How to write software that scrapes music off bandcamp and downloads it?

How to write software that scrapes music off bandcamp and downloads it?

I don't wanna scrape anything off bandcamp, I just want to learn how do these things work.

Other urls found in this thread:

github.com/Otiel/BandcampDownloader
twitter.com/NSFWRedditVideo

learn 2 regex

if you want example code look at flexget

look at bandcamp source code. Find where the link to the music file is and wget that file.

github.com/Otiel/BandcampDownloader

such a sexy boy

install gentoo

Fiddle around the page to see how it works.
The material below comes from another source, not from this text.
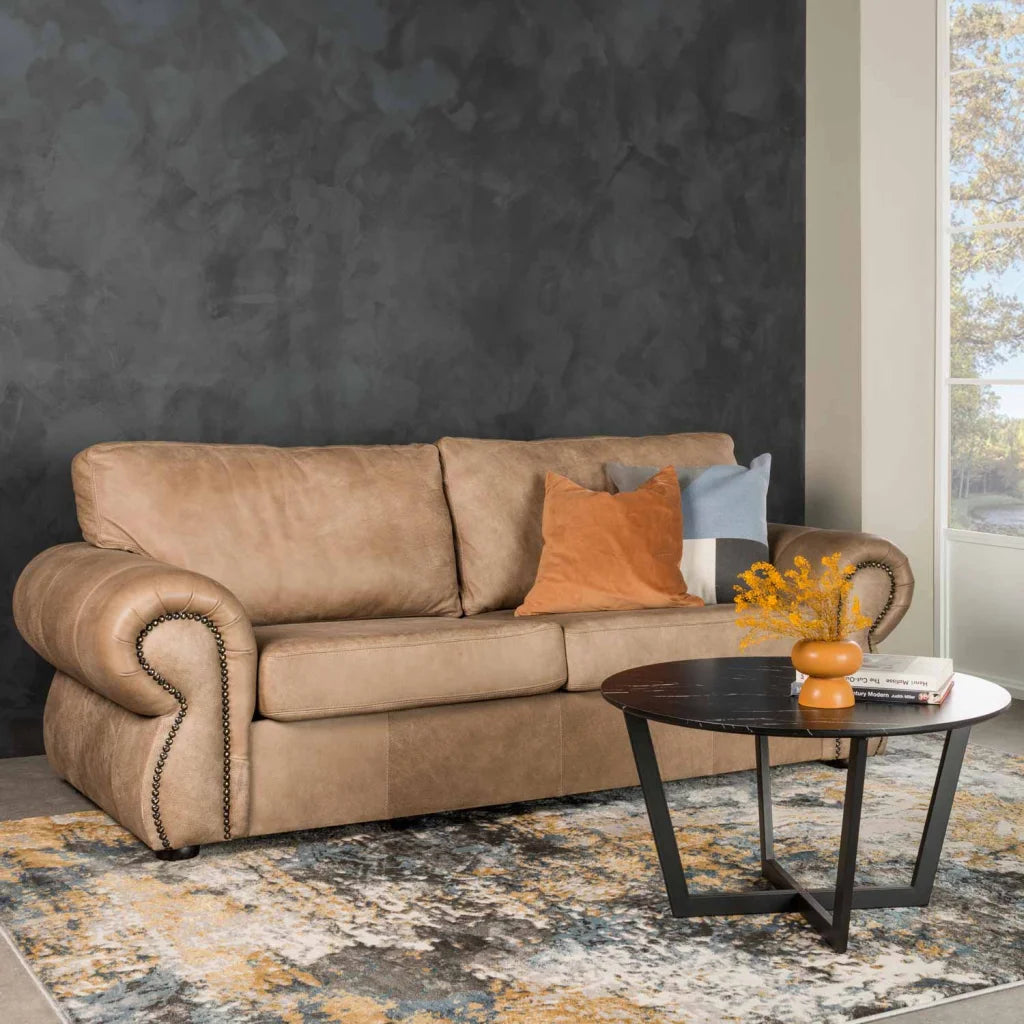 ROSE 80cm ROUND COFFEE TABLE - BLACK MARBLE
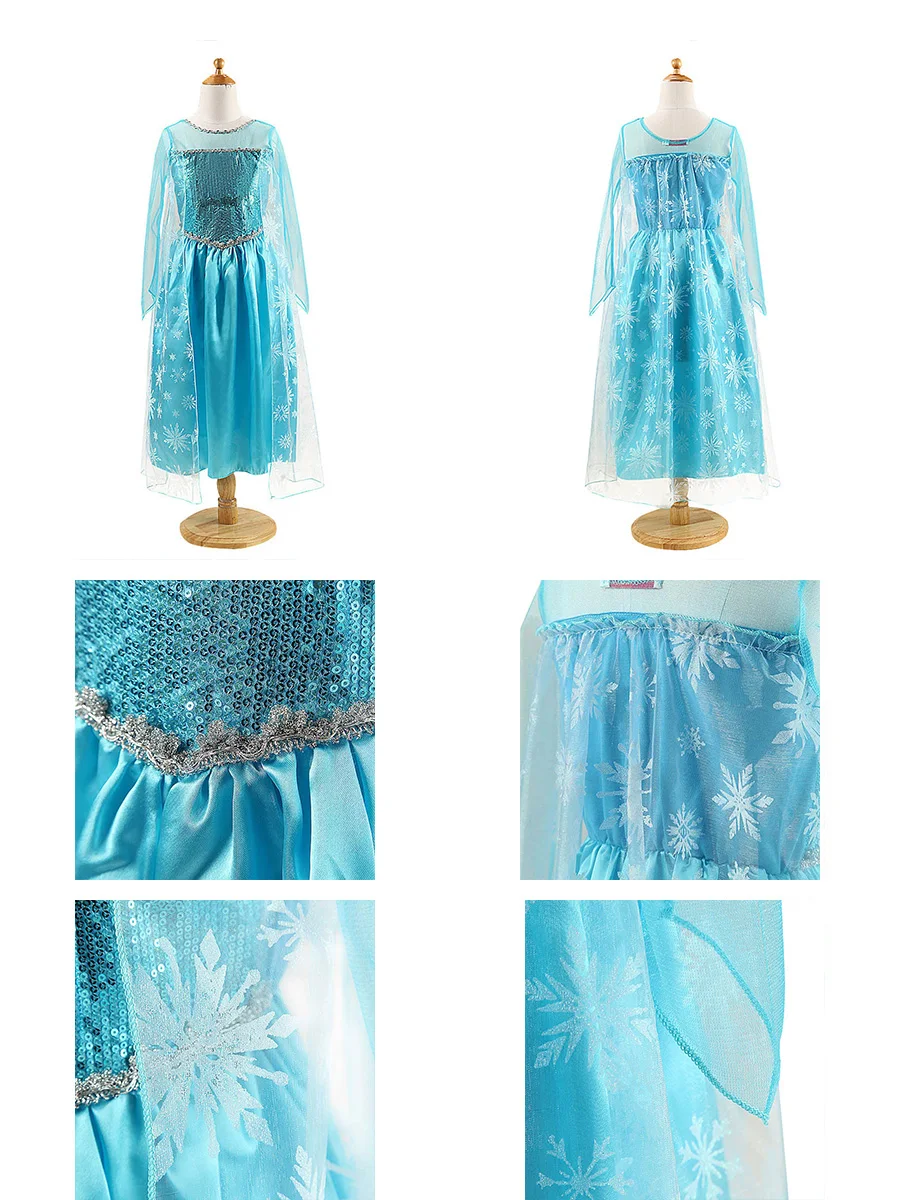 Girl Princess Dress Cosplay Elsa Costume Fancy Dress Kid Halloween Carnival Snow Queen Elza Clothing Party Blue Dress Girls Gift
Sometimes it can be as easy as recursive wget (ignore robots), others you might have to code some logic on http requests, and sometimes (depending on how much of a cunt the webdev is), you might have to emulate a web browser with something like phantomjs.

>Parsing html with regex

what would you use instead of regex?

This, wget is very powerful if you know how to use it.

Well, how about a proper parser?

You can probably parse html with regex, chances are that your doing it wrong and working at least twice as much. I certainly wouldn't recommend it.

>I certainly wouldn't recommend it.
so, how would you do it?

>Well, how about a proper parser?
way to sidestep the question. how would you do it?

Fetch the html and use vim to rip all relevant links which are forwarded to the shell script to download it.

Check out BAS - Browser automation studio. Dunno if you can make it download music. But it is the easyest way to go when it comes to no coding skill and a need for web automation. And its completelt FREE.

>Google is your friend
If you don't know shit about technology, why to you come to Sup Forums?

>a proper parser
>'just do it all manually! that is what I would do'
the whole point is to automate the process.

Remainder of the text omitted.